# Adapter HDMI to DVI to VGA ?



## Cecile Etter (15. September 2010)

Hi,hoffentlich eine einfache Frage.
Ich bekam eine Grafikkarte geliefert,die folgende Anschluesse hat:
1xDisplay Port
1xHDMI (1.3a)
1xDVI-1
davon 1xHDCP
davon 1xmit Dual Link

1x VGA-Adapter (DVI to VGA)
HDMI to DVI Adapter

ich muss 2 VGA-Monitore (erweiterter Desktop) daran anschliessen.
Kann man das wirklich problemlos machen:
Einen Monitor mit VGA-Adapter an den DVI und 
den andern an den HDMI (Adapter zu DVI) und dann noch an diesen DVI-Anschluss einen Adapter DVI to VGA ?
Hat das schon mal wer gemacht ?
Gruesse


----------



## Dr Dau (16. September 2010)

Hallo!



Cecile Etter hat gesagt.:


> Einen Monitor mit VGA-Adapter an den DVI und.....

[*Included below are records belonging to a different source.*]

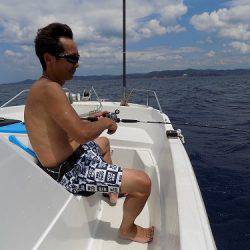 フィッシングボート空風(そらかぜ) 釣果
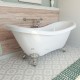 Chesapeake Freestanding Tub 
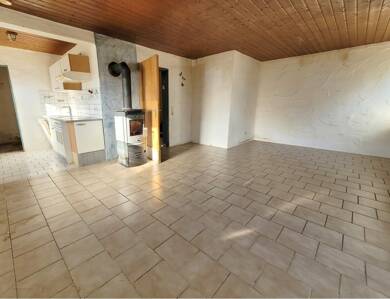 Doppelhaushälfte zum Kauf provisionsfrei 99.000 € 4 Zimmer 96 m² 210 m² Grundstück Tafertsweiler Ostrach-Tafertsweiler 88356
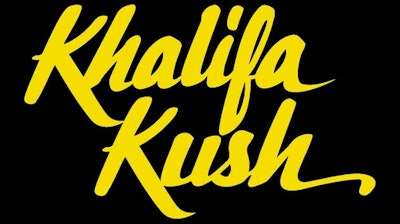 Trulieve Cannabis Corp Khalifa Kush Launch 0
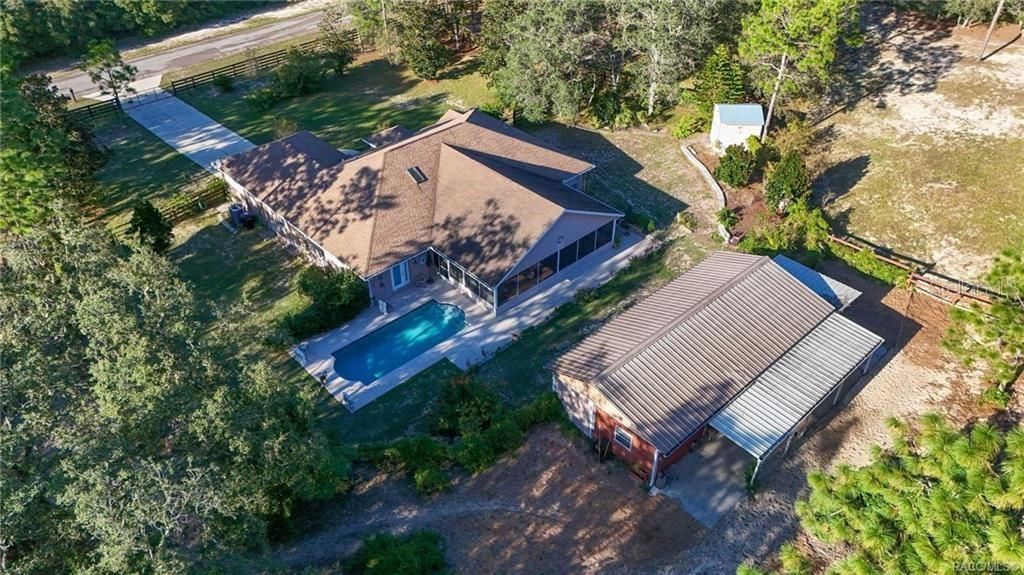 4295 N Bridger Drive, Beverly Hills, FL 34465 Photo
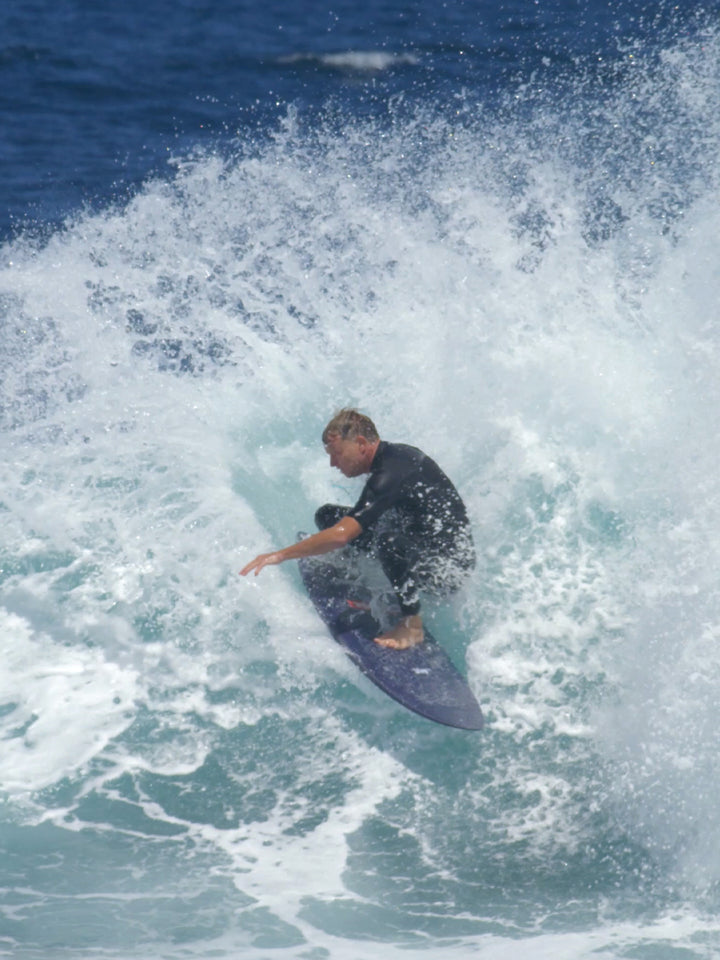 RNF 96 Black Sheep – Lost Surfboards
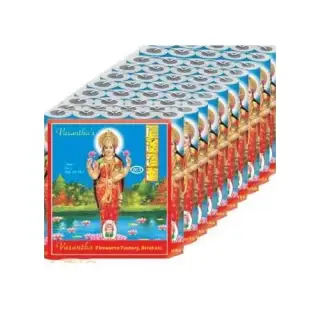 4" DELUXE CRACKER
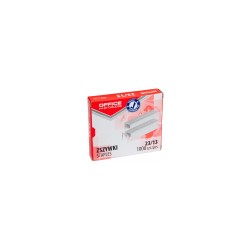 Capse Office Products 23/13 1000 buc/um Capse Office Products 23/13 1000 buc/um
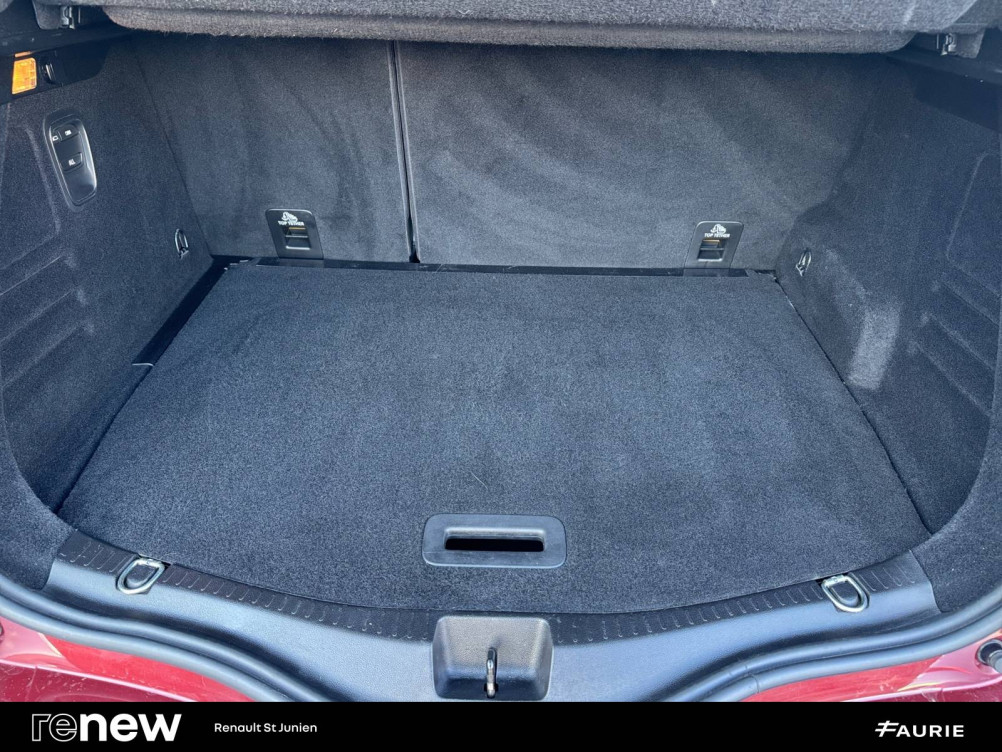 Acheter Renault Scenic 4 Scenic dCi 130 Energy Business 5p occasion dans les concessions du Groupe Faurie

DVI-I zu VGA funktioniert, da DVI-I auch analoge Signale liefert.



Cecile Etter hat gesagt.:


> .....den andern an den HDMI (Adapter zu DVI).....


Sollte soweit auch funktionieren (jedenfalls gibt es HDMI zu DVI-D Adapter).



Cecile Etter hat gesagt.:


> .....und dann noch an diesen DVI-Anschluss einen Adapter DVI to VGA ?


Hier hast Du ein Problem.
HDMI ist rein digital und liefert somit nicht die für VGA erforderlichen analogen Signale.
Es gibt aber HDMI zu VGA Konverter, z.b. hier (frage mich aber nicht wie gut die Dinger sind).
Eine Alternative könnte ein DisplayPort zu VGA Adapter sein, wenn es von der Grafikkarte unterstützt wird (siehe Wikipedia).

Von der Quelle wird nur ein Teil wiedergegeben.